→ RECORDS FOR THIS EXERCISE:
###
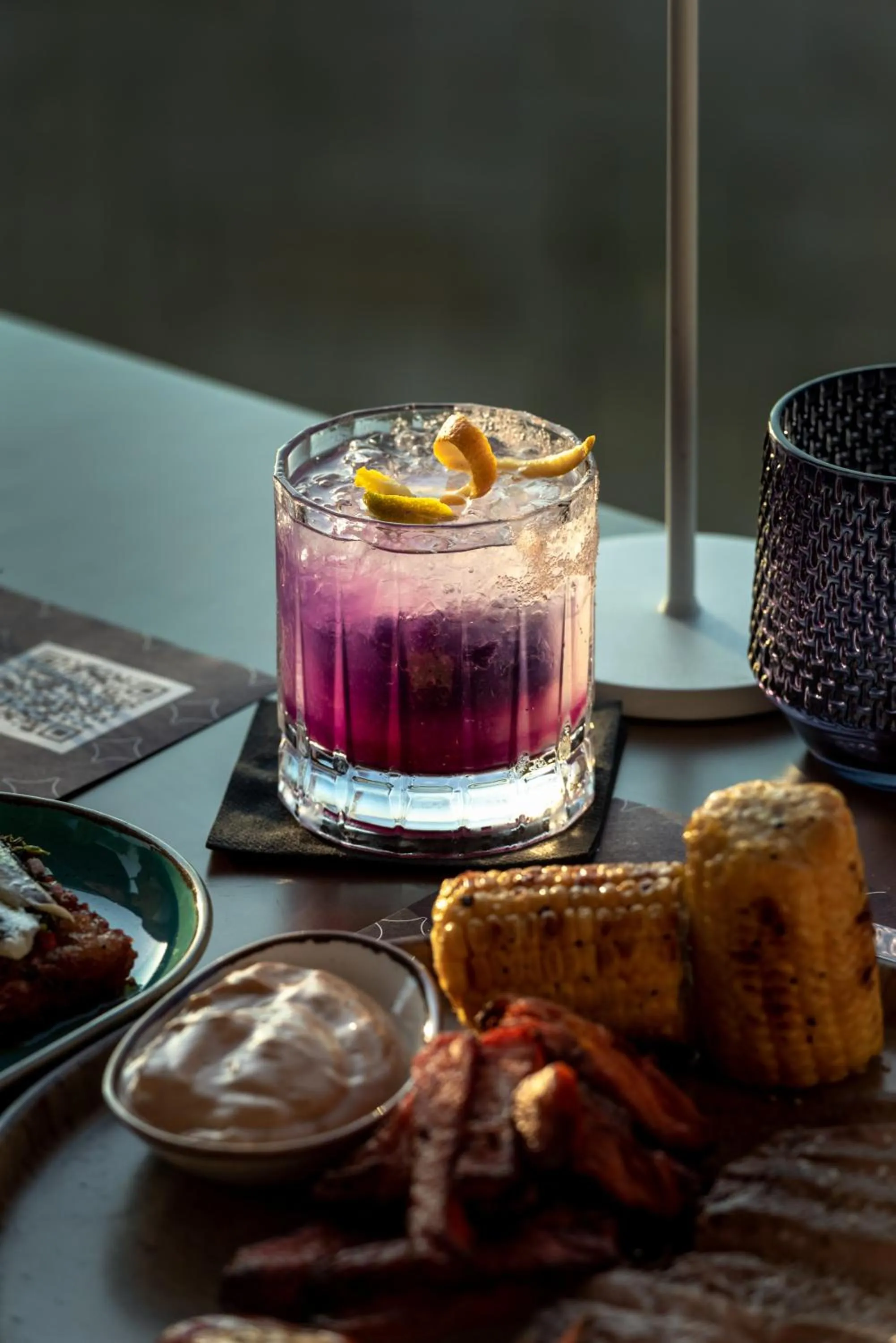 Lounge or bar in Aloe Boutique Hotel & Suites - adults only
###
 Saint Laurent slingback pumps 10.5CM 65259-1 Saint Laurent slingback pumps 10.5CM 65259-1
###
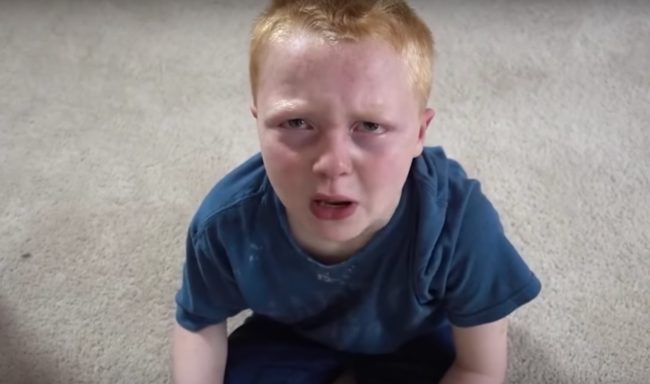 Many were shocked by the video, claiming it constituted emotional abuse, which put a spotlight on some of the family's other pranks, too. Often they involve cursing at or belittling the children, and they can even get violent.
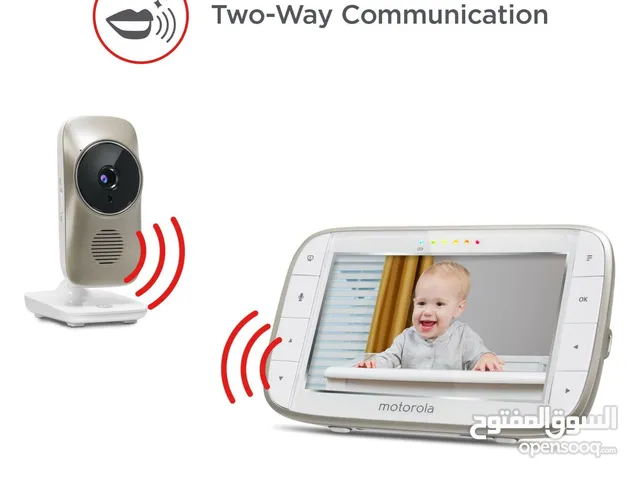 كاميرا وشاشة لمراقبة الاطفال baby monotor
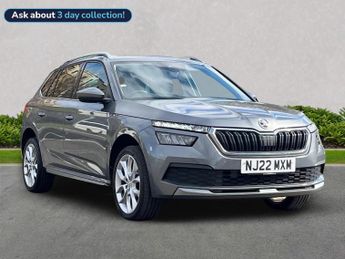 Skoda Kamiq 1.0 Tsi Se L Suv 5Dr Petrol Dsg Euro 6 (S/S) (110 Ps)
###
→ WHAT YOU HAVE TO DO: Repeat the lines above exactly, beginning with the one containing "Many were shocked" and finishing with the one containing "Skoda Kamiq 1.0". No pictures belong in the copy.

→ COMPLETED EXERCISE:
 Many were shocked by the video, claiming it constituted emotional abuse, which put a spotlight on some of the family's other pranks, too. Often they involve cursing at or belittling the children, and they can even get violent.
 كاميرا وشاشة لمراقبة الاطفال baby monotor
 Skoda Kamiq 1.0 Tsi Se L Suv 5Dr Petrol Dsg Euro 6 (S/S) (110 Ps)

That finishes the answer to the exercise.